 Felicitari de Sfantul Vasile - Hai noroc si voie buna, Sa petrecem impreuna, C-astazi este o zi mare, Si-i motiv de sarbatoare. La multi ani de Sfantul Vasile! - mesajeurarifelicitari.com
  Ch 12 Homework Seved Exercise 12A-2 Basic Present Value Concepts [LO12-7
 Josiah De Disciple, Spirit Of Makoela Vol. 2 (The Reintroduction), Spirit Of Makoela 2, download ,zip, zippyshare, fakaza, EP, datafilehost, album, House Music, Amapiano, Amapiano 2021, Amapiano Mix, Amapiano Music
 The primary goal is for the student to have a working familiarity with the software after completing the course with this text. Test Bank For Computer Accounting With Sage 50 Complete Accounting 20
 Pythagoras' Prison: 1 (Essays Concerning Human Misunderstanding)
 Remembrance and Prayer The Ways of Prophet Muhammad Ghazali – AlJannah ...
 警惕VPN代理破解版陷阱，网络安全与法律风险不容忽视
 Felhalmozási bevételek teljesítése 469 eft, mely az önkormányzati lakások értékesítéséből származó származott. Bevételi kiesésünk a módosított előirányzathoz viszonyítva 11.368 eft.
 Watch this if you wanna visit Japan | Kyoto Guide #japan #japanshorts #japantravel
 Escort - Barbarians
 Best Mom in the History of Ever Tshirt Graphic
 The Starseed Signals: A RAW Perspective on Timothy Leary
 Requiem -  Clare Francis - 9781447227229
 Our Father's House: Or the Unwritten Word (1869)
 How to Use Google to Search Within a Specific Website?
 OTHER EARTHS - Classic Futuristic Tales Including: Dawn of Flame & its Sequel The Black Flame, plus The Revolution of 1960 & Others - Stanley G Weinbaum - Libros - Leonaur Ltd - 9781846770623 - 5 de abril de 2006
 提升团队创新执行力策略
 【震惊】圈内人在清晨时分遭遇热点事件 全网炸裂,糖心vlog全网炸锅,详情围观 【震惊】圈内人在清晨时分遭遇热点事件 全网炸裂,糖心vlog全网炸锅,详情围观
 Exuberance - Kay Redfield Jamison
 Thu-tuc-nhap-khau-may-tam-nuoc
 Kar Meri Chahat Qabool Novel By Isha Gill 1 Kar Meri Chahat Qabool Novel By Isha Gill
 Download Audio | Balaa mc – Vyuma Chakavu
- - - - - - -
▶ Your assignment: Where does the word "House" occur in the data? Copy every line that has it.

▶ Response for this exercise:
 Josiah De Disciple, Spirit Of Makoela Vol. 2 (The Reintroduction), Spirit Of Makoela 2, download ,zip, zippyshare, fakaza, EP, datafilehost, album, House Music, Amapiano, Amapiano 2021, Amapiano Mix, Amapiano Music
 Our Father's House: Or the Unwritten Word (1869)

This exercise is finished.